• **The problem**
In this exercise, write out the data word for word and leave every image out.

• **Given information**
##########
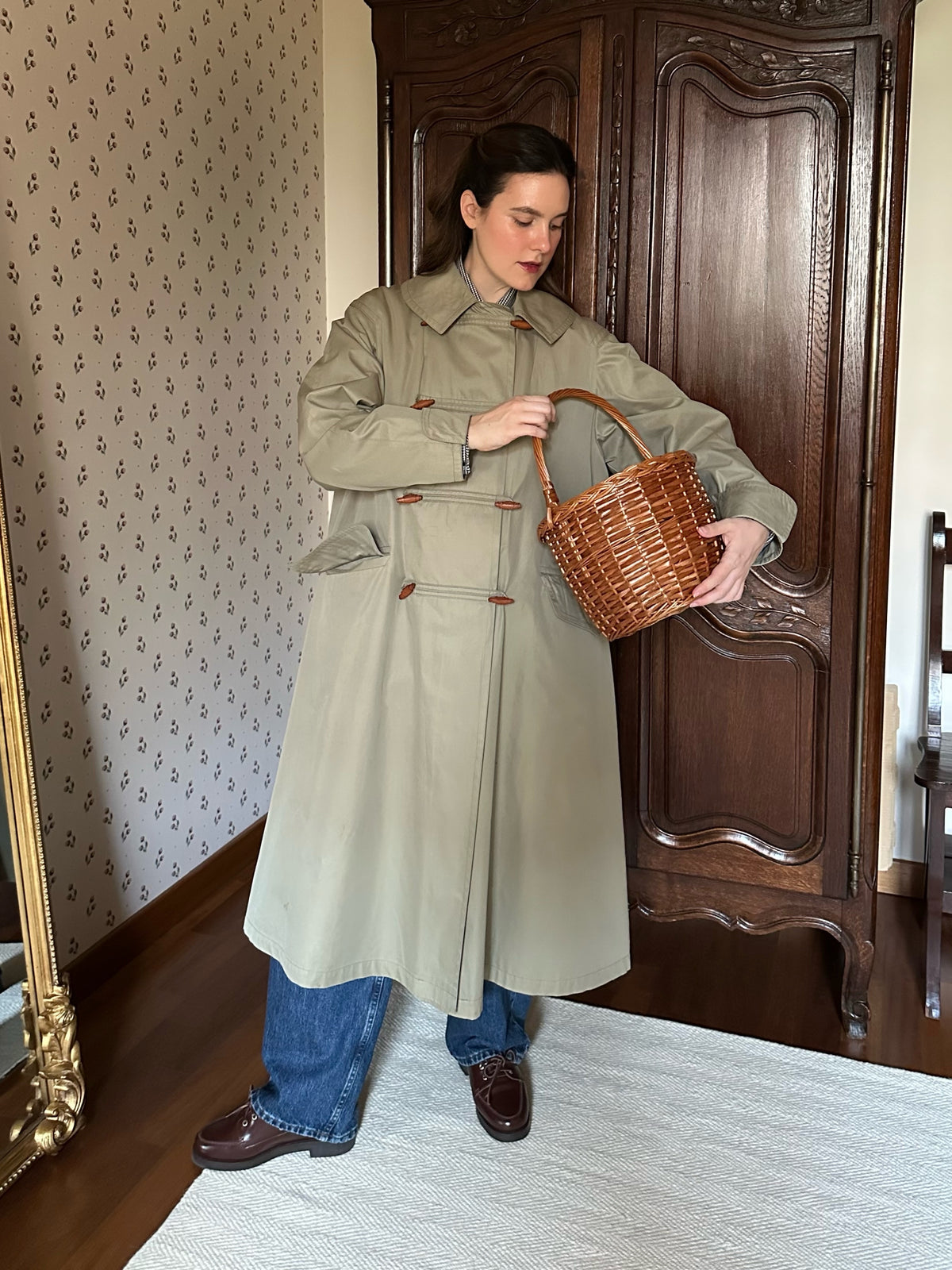 Khaki Trench Coat With Red Tartan Lining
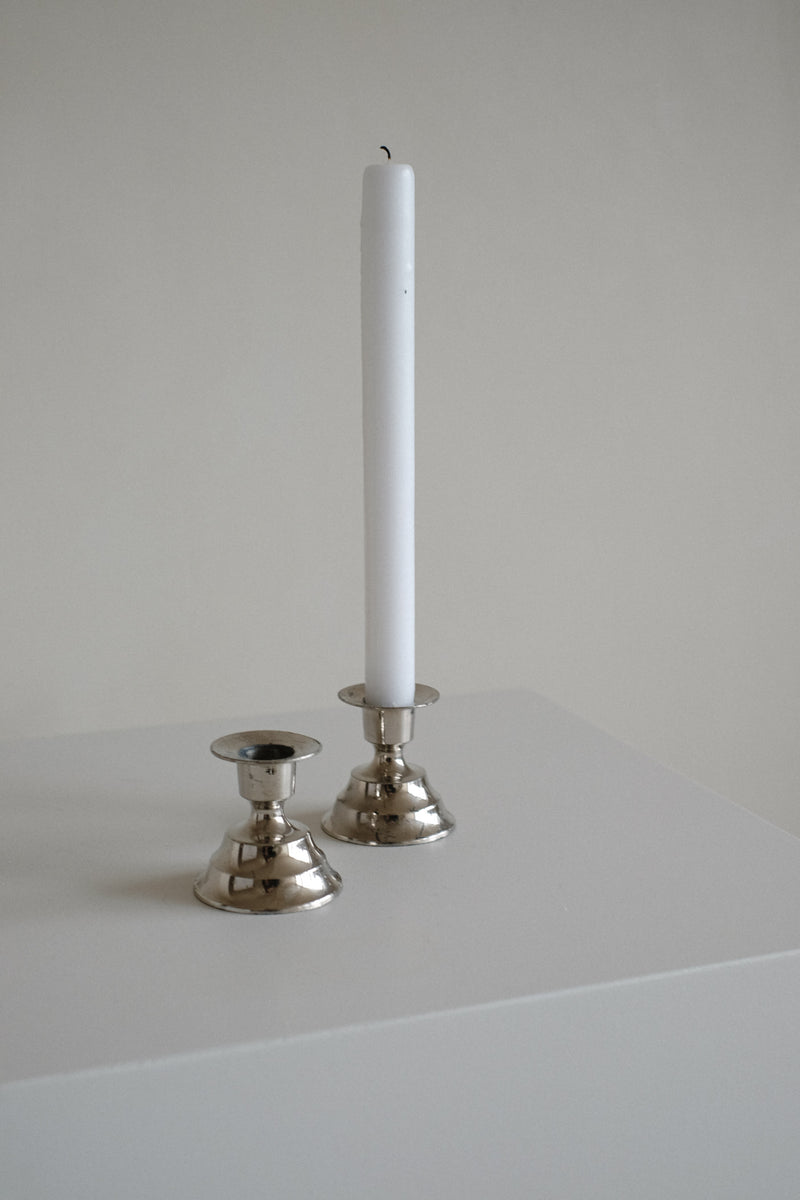 Set of 2 Candle Holders by septembre studios | The Oblist — polished metal finish
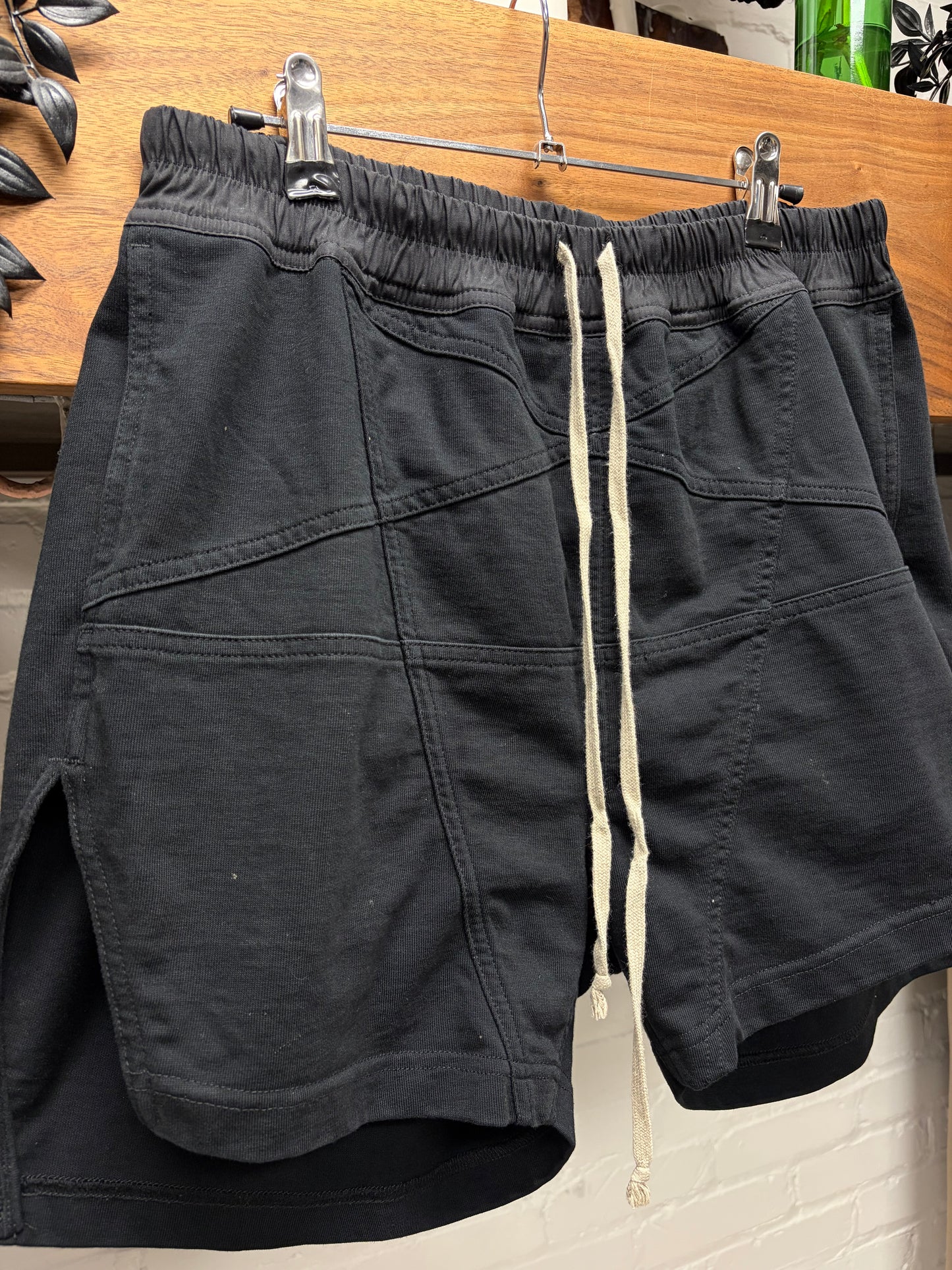 AW2022 Rick Owens ‘Pentagram’ Black Drawstring Boxing Shorts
##########
• **Your response**
 Khaki Trench Coat With Red Tartan Lining
 Set of 2 Candle Holders by septembre studios | The Oblist — polished metal finish
 AW2022 Rick Owens ‘Pentagram’ Black Drawstring Boxing Shorts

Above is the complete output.